• _Assignment_: What you give back must match the records below exactly, apart from the pictures, which are omitted.

┏━━

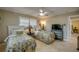 Guest bedroom with two beds, overhead fan and neutral colored walls at 925 Don Juan Ct, Punta Gorda, FL 33950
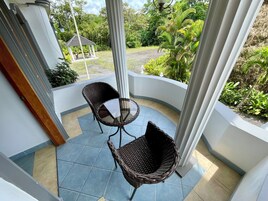 Un espacio al aire libre cubierto con dos sillones de mimbre y una mesita, rodeado por una barandilla blanca y vistas a un jardín.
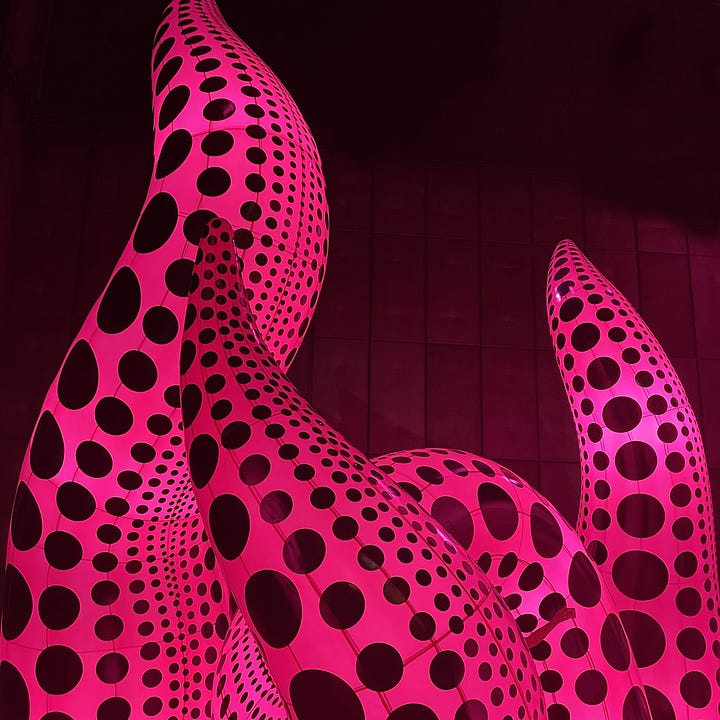 Photographs of giant inflatable doll, dog, and pink and black spotty inflatable art installations.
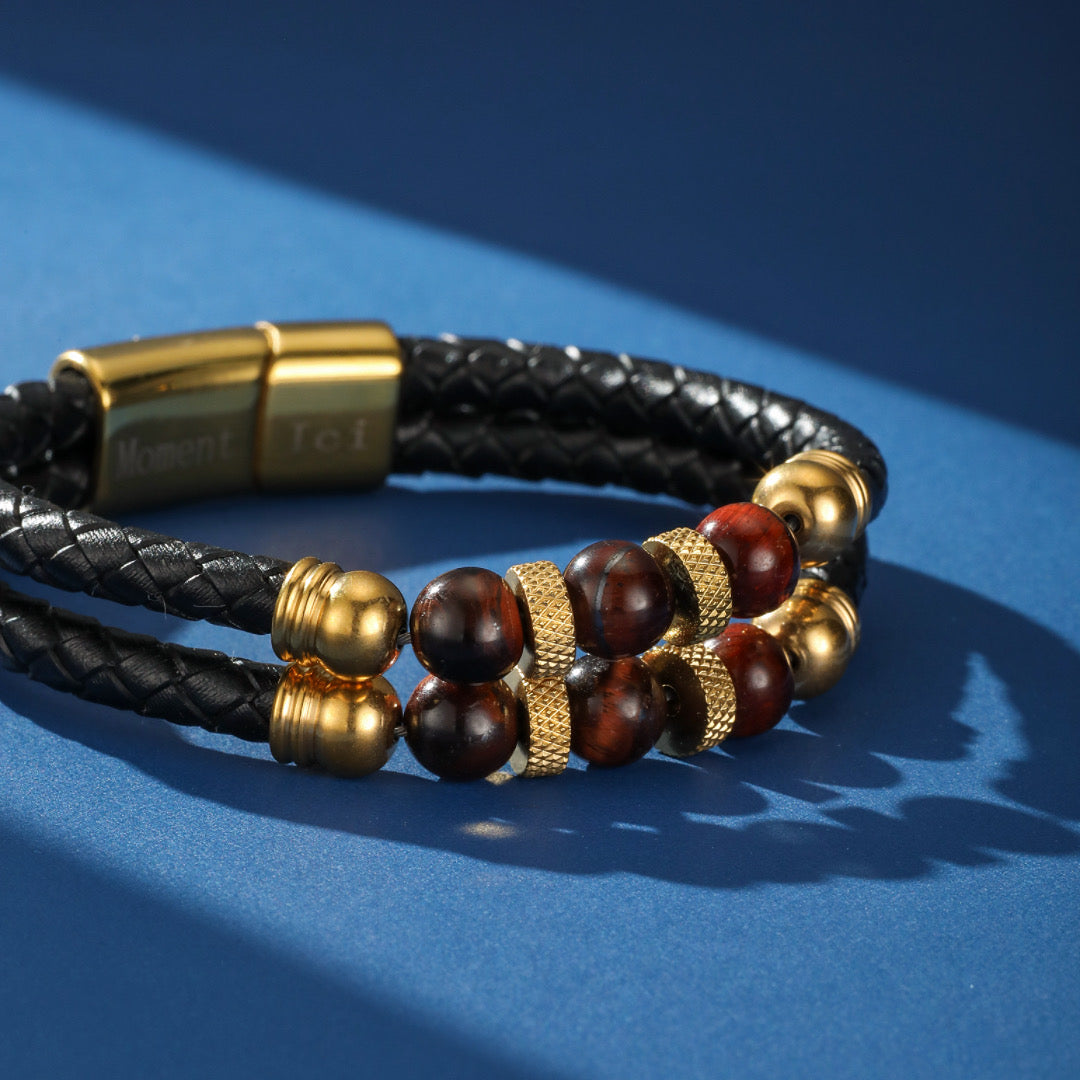 Bracelet double rang en cuir tressé noir pour homme, orné de perles œil de tigre et de détails dorés, avec un fermoir magnétique gravé.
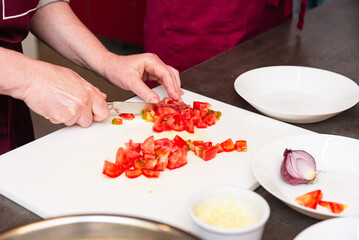 Chopping fresh tomatoes on cutting board.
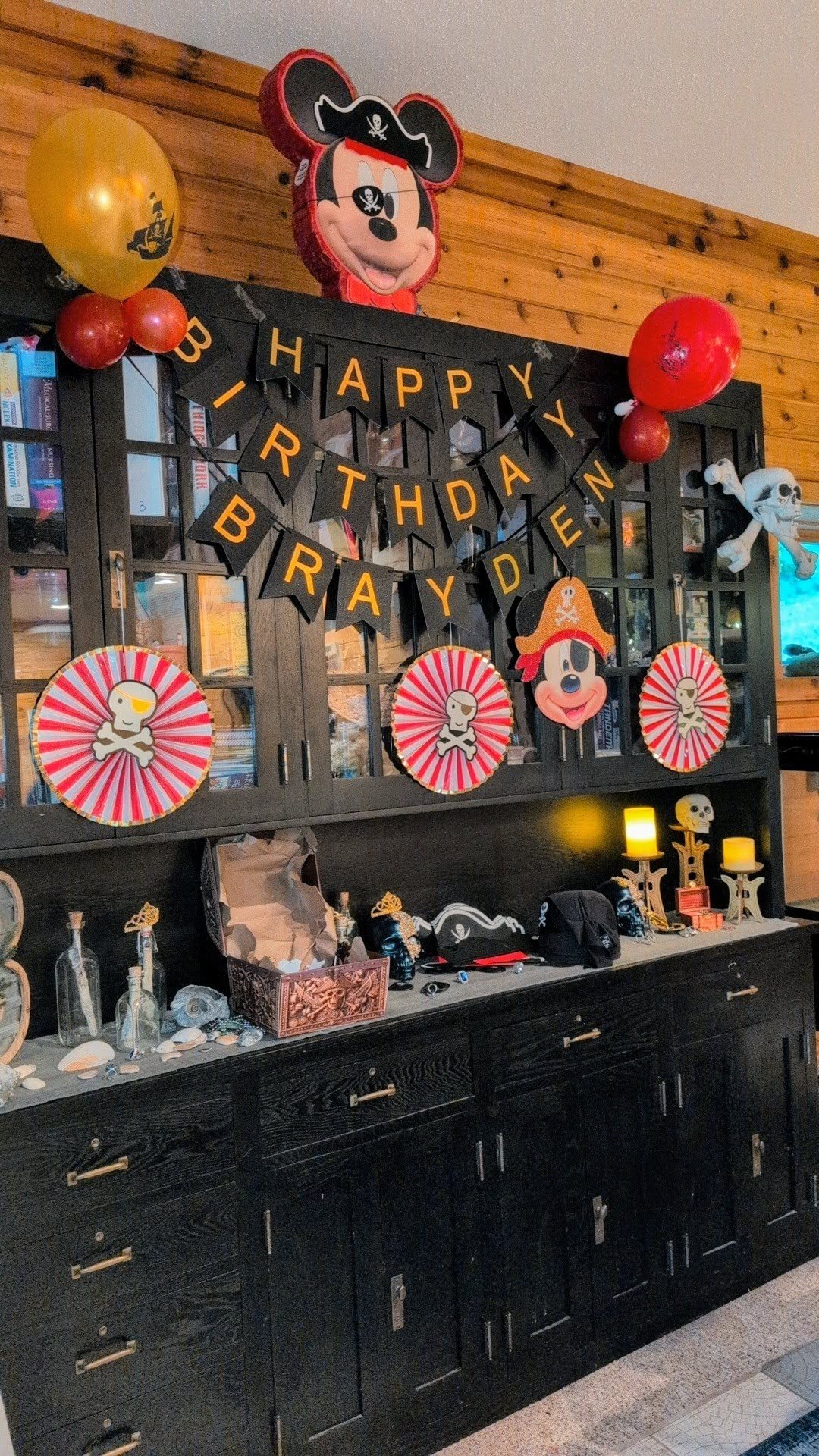 Pirate-themed birthday party decorations featuring Mickey Mouse, skull accents, and a Happy Birthday banner.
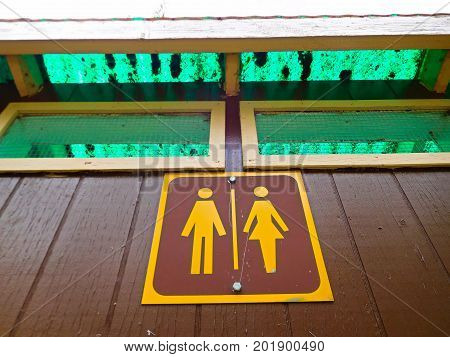 A Female and Male Sign for a Public Outdoor Toliet.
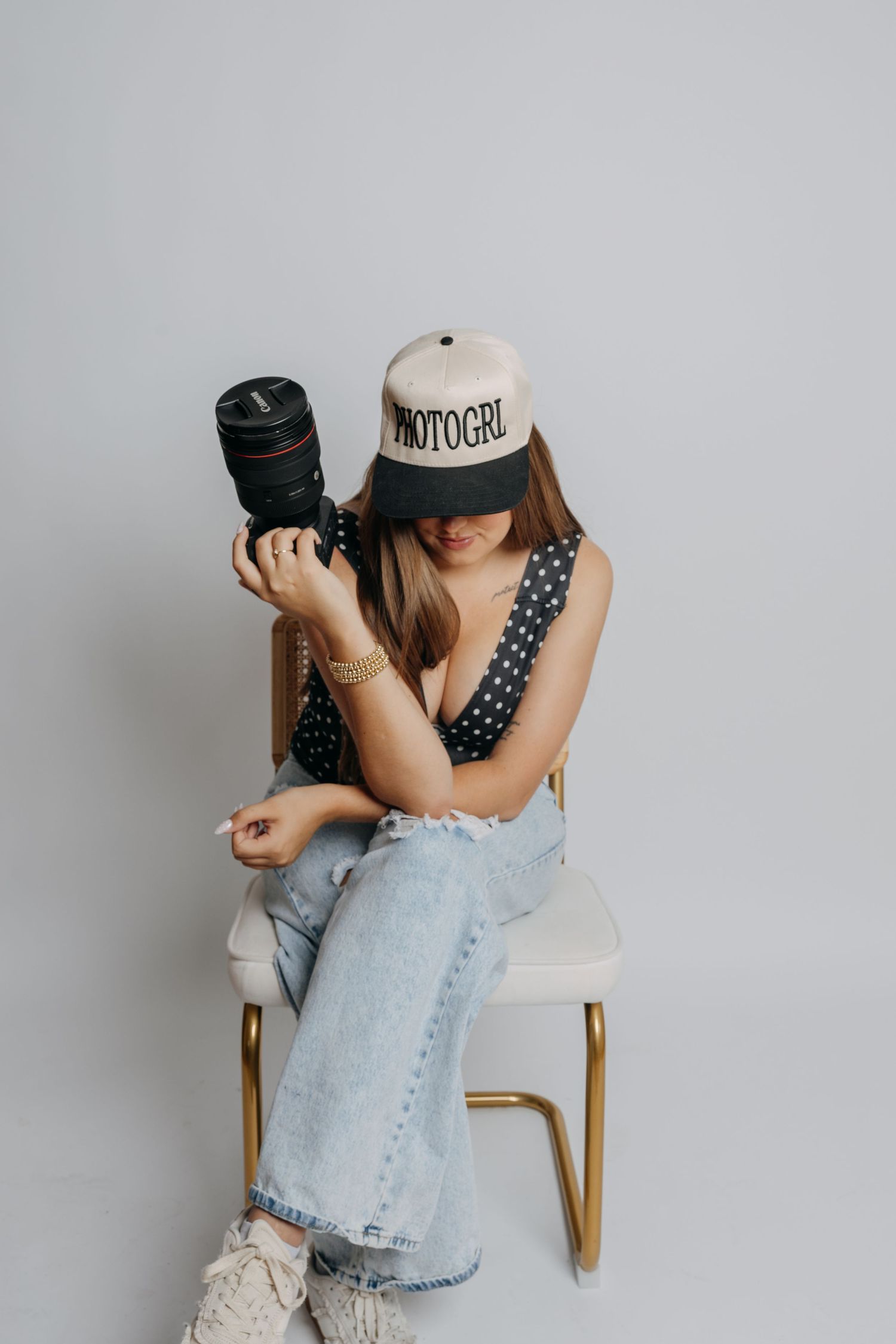 A photographer wearing a PHOTOGRL cap sits on a chair reviewing images on her DSLR camera.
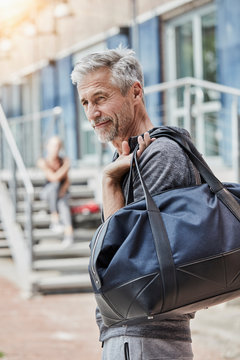 Portrait of mature man with sports bag standing in front of gym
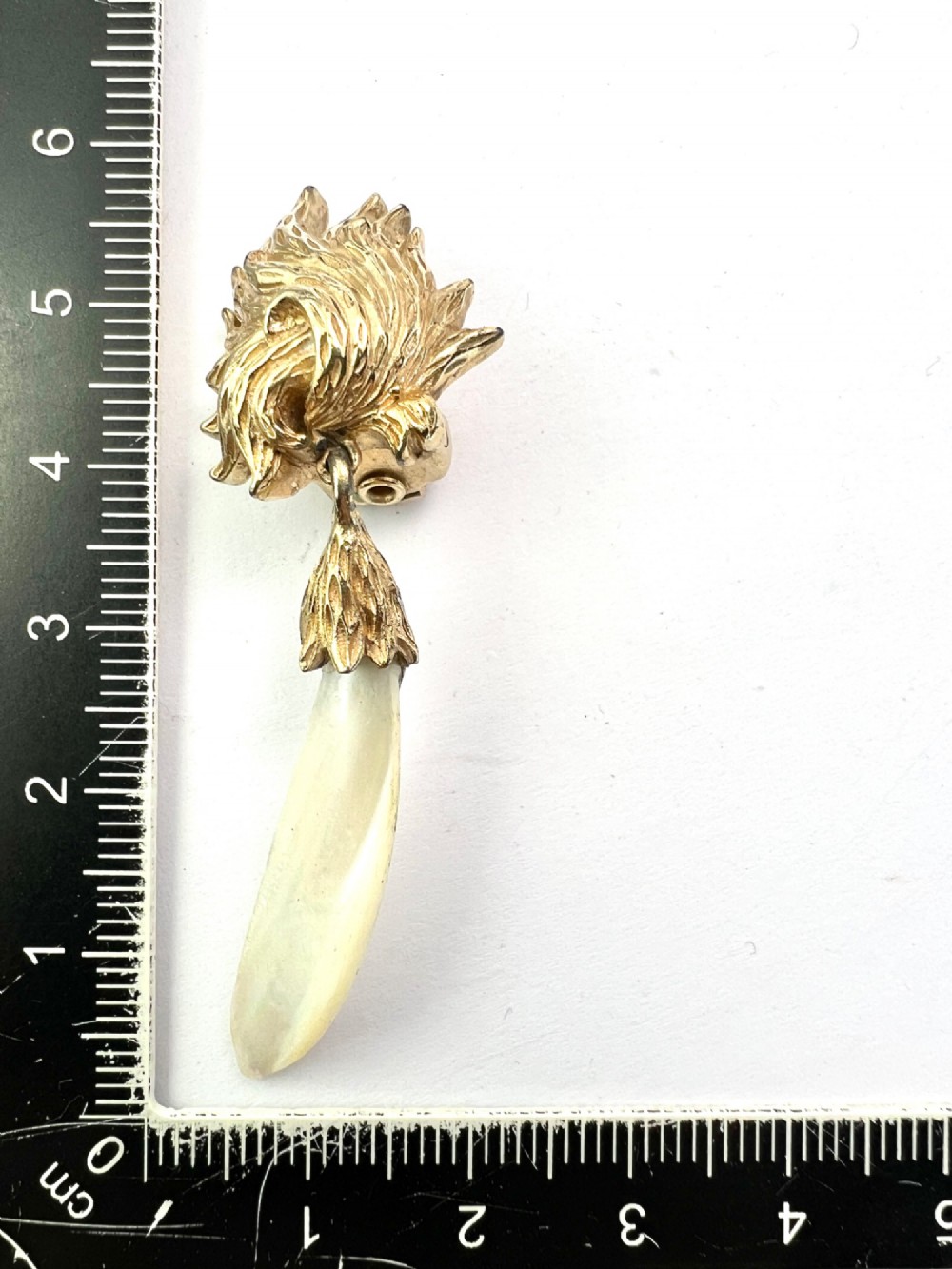 A pair of vintage gold-tone clip-on earrings featuring textured flame-like tops and hanging elongated mother-of-pearl drop pendants. View IV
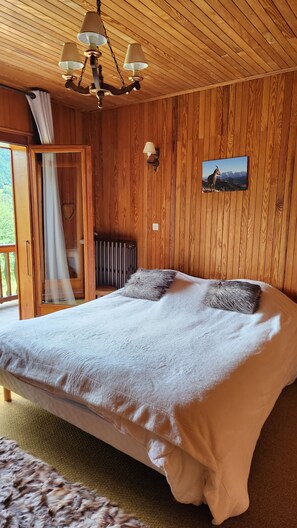 A wooden-paneled room with a bed, a picture on the wall, and a window with curtains. - Quiet 8-person chalet with a magnificent view of the mountains, fireplace,garden (Abondance)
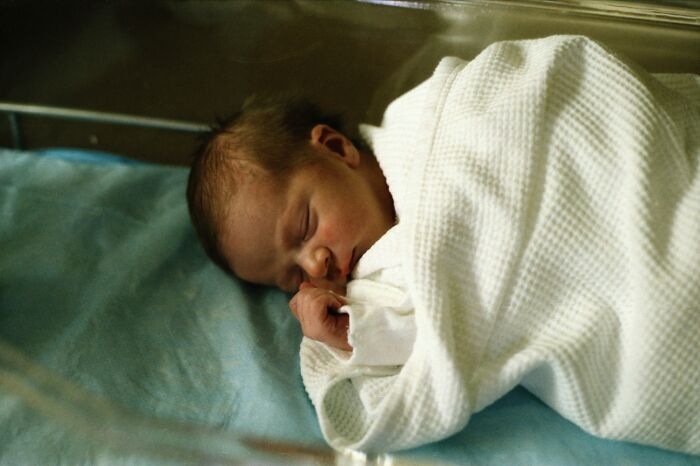 Newborn baby wrapped in a white blanket, peacefully sleeping in a hospital crib.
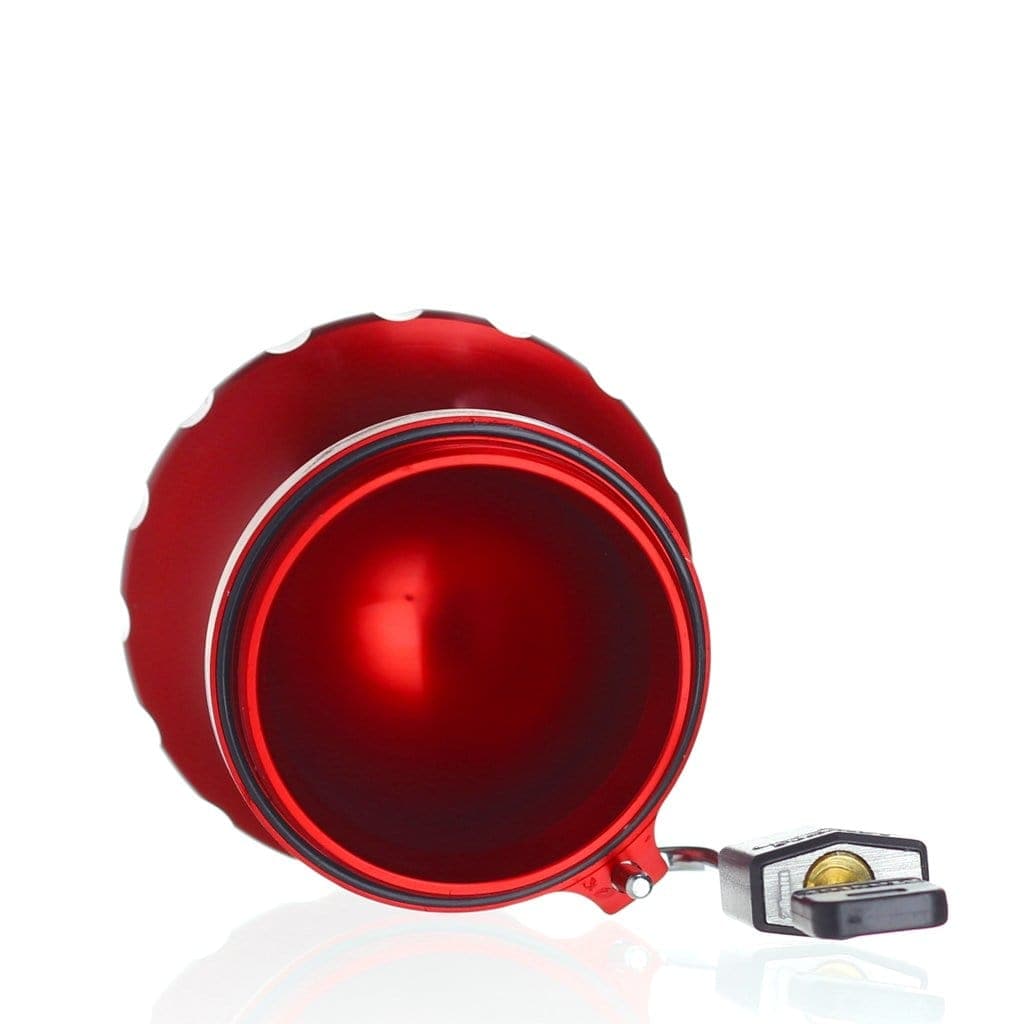 A top-down view of the Compton Vault, showcasing its open top and smooth interior against a white reflective surface.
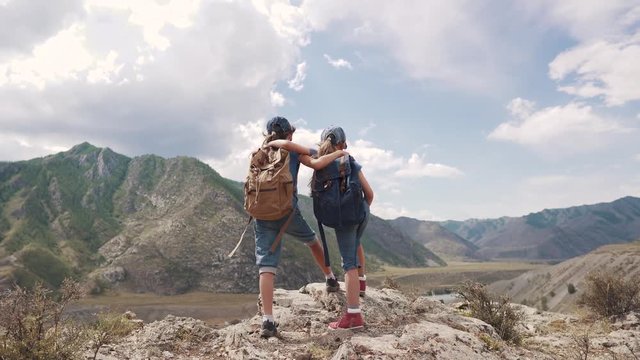 children of the travelers embrace and enjoy the beautiful view of the mountains. two little girls with backpacks on a hike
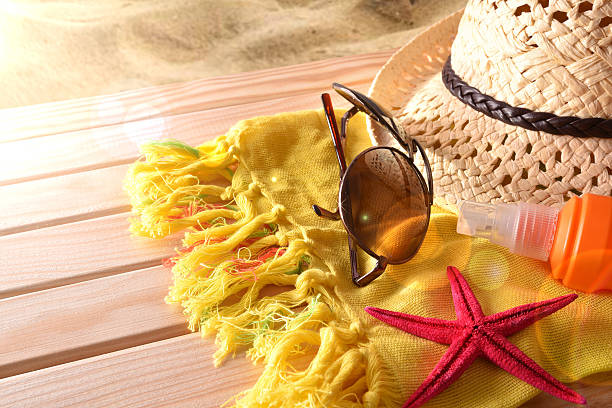 istock Beach articles on a table wooden slats elevated view 531779450
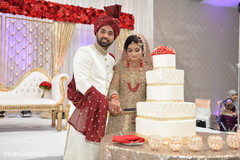 Indian wedding cutting the cake scene. Indian wedding cutting the cake scene.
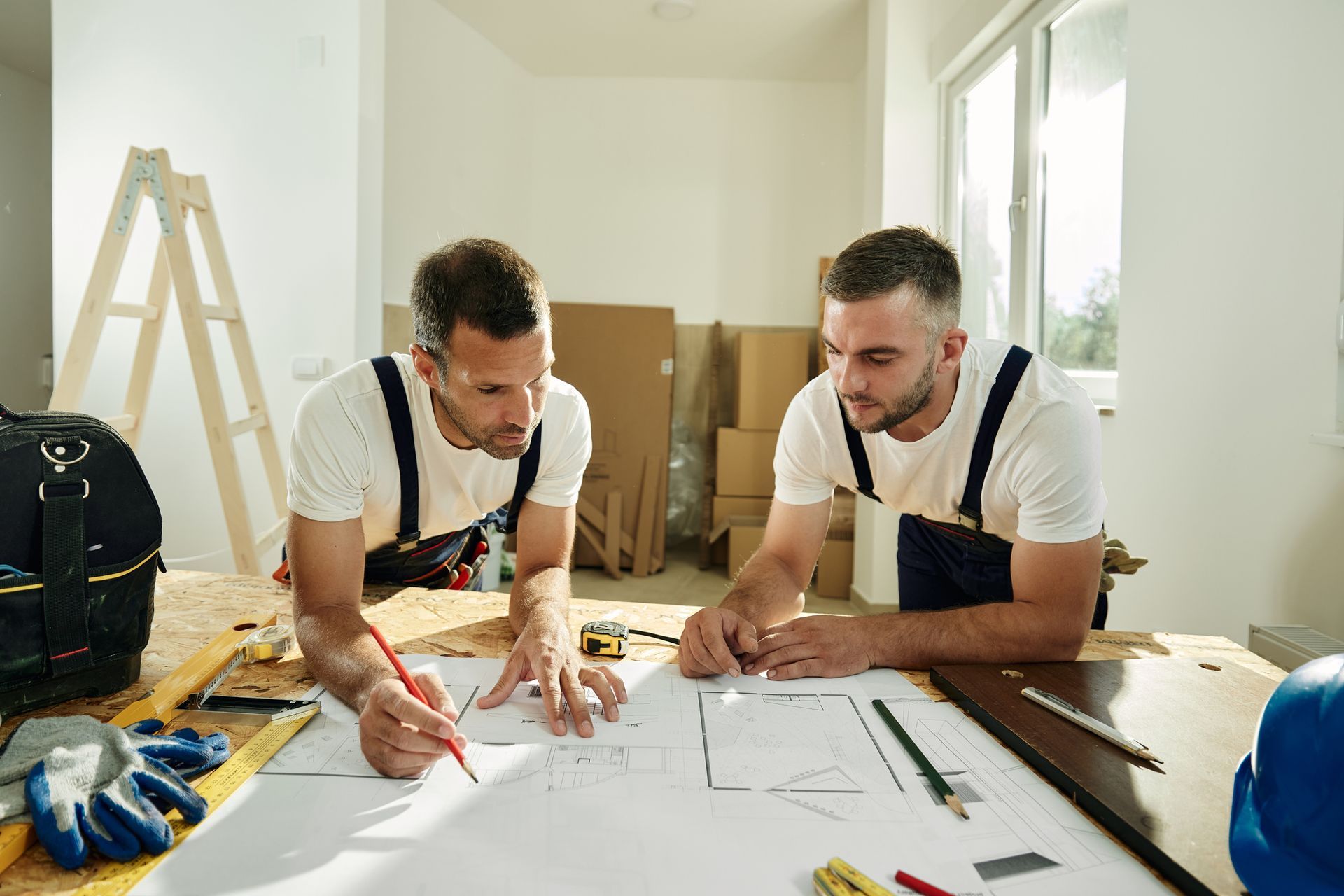 Two men are sitting at a table looking at a blueprint — Clifton, NJ — New Alp Construction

┗━━

• _Task solution_:
 Guest bedroom with two beds, overhead fan and neutral colored walls at 925 Don Juan Ct, Punta Gorda, FL 33950
 Un espacio al aire libre cubierto con dos sillones de mimbre y una mesita, rodeado por una barandilla blanca y vistas a un jardín.
 Photographs of giant inflatable doll, dog, and pink and black spotty inflatable art installations.
 Bracelet double rang en cuir tressé noir pour homme, orné de perles œil de tigre et de détails dorés, avec un fermoir magnétique gravé.
 Chopping fresh tomatoes on cutting board.
 Pirate-themed birthday party decorations featuring Mickey Mouse, skull accents, and a Happy Birthday banner.
 A Female and Male Sign for a Public Outdoor Toliet.
 A photographer wearing a PHOTOGRL cap sits on a chair reviewing images on her DSLR camera.
 Portrait of mature man with sports bag standing in front of gym
 A pair of vintage gold-tone clip-on earrings featuring textured flame-like tops and hanging elongated mother-of-pearl drop pendants. View IV
 A wooden-paneled room with a bed, a picture on the wall, and a window with curtains. - Quiet 8-person chalet with a magnificent view of the mountains, fireplace,garden (Abondance)
 Newborn baby wrapped in a white blanket, peacefully sleeping in a hospital crib.
 A top-down view of the Compton Vault, showcasing its open top and smooth interior against a white reflective surface.
 children of the travelers embrace and enjoy the beautiful view of the mountains. two little girls with backpacks on a hike
 istock Beach articles on a table wooden slats elevated view 531779450
 Indian wedding cutting the cake scene. Indian wedding cutting the cake scene.
 Two men are sitting at a table looking at a blueprint — Clifton, NJ — New Alp Construction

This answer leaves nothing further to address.